- _DATA SHOWN_:
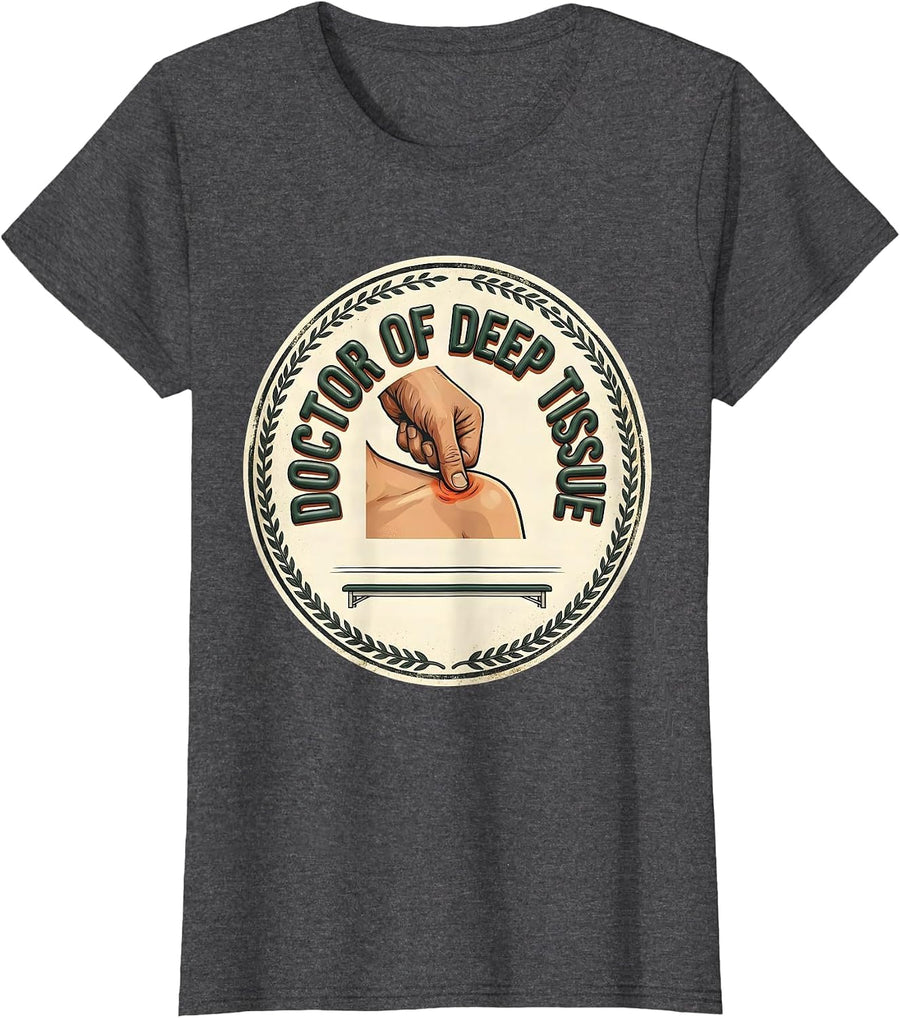 Women's Doctor Of Deep Tissue Vintage Physical Therapist Massage T-Shirt - Dark Heather Grey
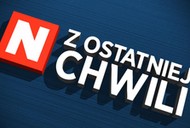 z ostatniej chwili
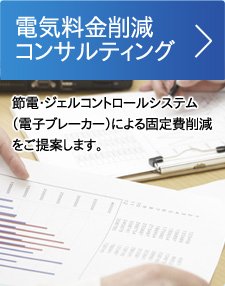 電気料金削減コンサルティング。節電・ジェルコントロールシステム（電子ブレーカー）による固定費削減をご提案します。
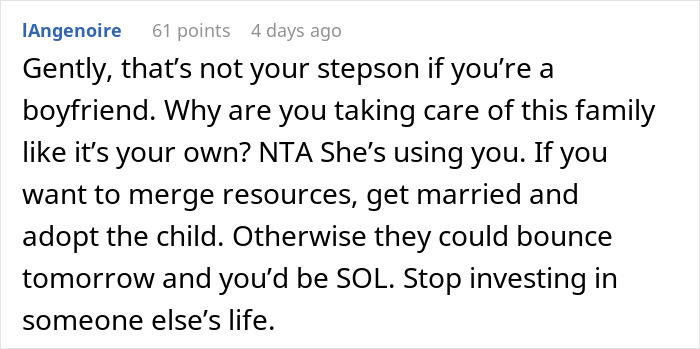 Reddit comment discussing the guy paying for bills and GF wanting to split son’s sports fees, calling it not his stepson. Reddit comment discussing the guy paying for bills and GF wanting to split son’s sports fees, calling it not his stepson.
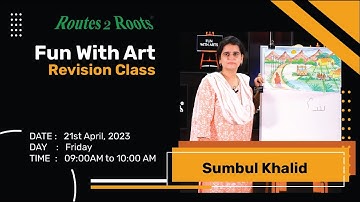Revision Class | Fun With Art | Guru Sumbul Khalid | 21th April, 2023 | Routes 2 Roots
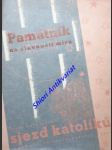 Památník na první celostát. sjezd katolíků Československé republiky v Praze 1935 a epilogy sjezdu v Olomouci, v Kroměříži, na Velehradě, v Nitře a v Piešťanech - RADVANOVSKÝ Karel - náhled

- _WORK TO COMPLETE_: Starting at the first line of the listing above, write out each line exactly and nothing else until you reach the line containing "his stepson. Reddit", which is included as well; omit all pictures.

- _WRITTEN RESPONSE_:
 Women's Doctor Of Deep Tissue Vintage Physical Therapist Massage T-Shirt - Dark Heather Grey
 z ostatniej chwili
 電気料金削減コンサルティング。節電・ジェルコントロールシステム（電子ブレーカー）による固定費削減をご提案します。
 Reddit comment discussing the guy paying for bills and GF wanting to split son’s sports fees, calling it not his stepson. Reddit comment discussing the guy paying for bills and GF wanting to split son’s sports fees, calling it not his stepson.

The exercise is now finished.